Sad that I’m throwing away my relationship.
Scared that I’ll be unstable.
Sad that people won’t love me anymore.
But recently, I’ve come to accept these feelings. Honestly, therapy has been a huge help. In therapy I’ve realized that these emotions are simply emotions. They’re not necessarily based on anything factual, and I need to accept that. Moreover, if those things do happen, I need to accept that as well—for I won’t let the fear of the unknown outweigh the fear of the known. .
“When we go through disruption, sprigs of innovation start to appear….Sometimes these fragile sprigs blossom into new versions of ourselves”
When I read the quote above, I immediately thought about this blog. Though I’m not currently traveling, my life has already been disrupted. While it is ultimately my choice, it doesn’t change that it’s happening.
I think I went ahead and decided to create this blog because I somehow know that this is a vehicle that will help me create a new life. Feiler describes it as simple as can be stated: “What people seem to crave [from creation] is a fresh start”.
In writing to you all and telling you about my journey, I’m also following one of the main premises of the book: which is the idea that sharing our life story helps us create meaning.
PARTING THOUGHTS
I found myself writing “exactly what I’m doing” on the margins time and again throughout the book.
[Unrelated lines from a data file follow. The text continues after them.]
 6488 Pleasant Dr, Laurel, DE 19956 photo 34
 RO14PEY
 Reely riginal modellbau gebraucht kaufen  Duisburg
While this obviously is indicative of how relevant the book is to where I’m at in life right now, it also speak to Feiler’s ability to communicate his ideas and speak to the reader in such a personal manner.
I also really valued the way that Feiler practiced what he preaches. All throughout the book, he says that psychologists, researchers, and writers have been too rigid in the way they theorize life stages. In contrast, his theorizations, though they’re coherent and structured, are flexible in nature. He states several times throughout the text that whatever he offers in the way of stages, emotions, and common experiences are not sequential nor will everyone experience them.
I can see this book being really helpful for many people who are about to experience change, are in the midst of it, or just went through a huge transition. The tools Feiler provides are especially helpful for this.
Last two things: First, If it’s not obvious already, I highly recommend this book!
Two, I want to ask you: In what ways will you create meaning from your life story?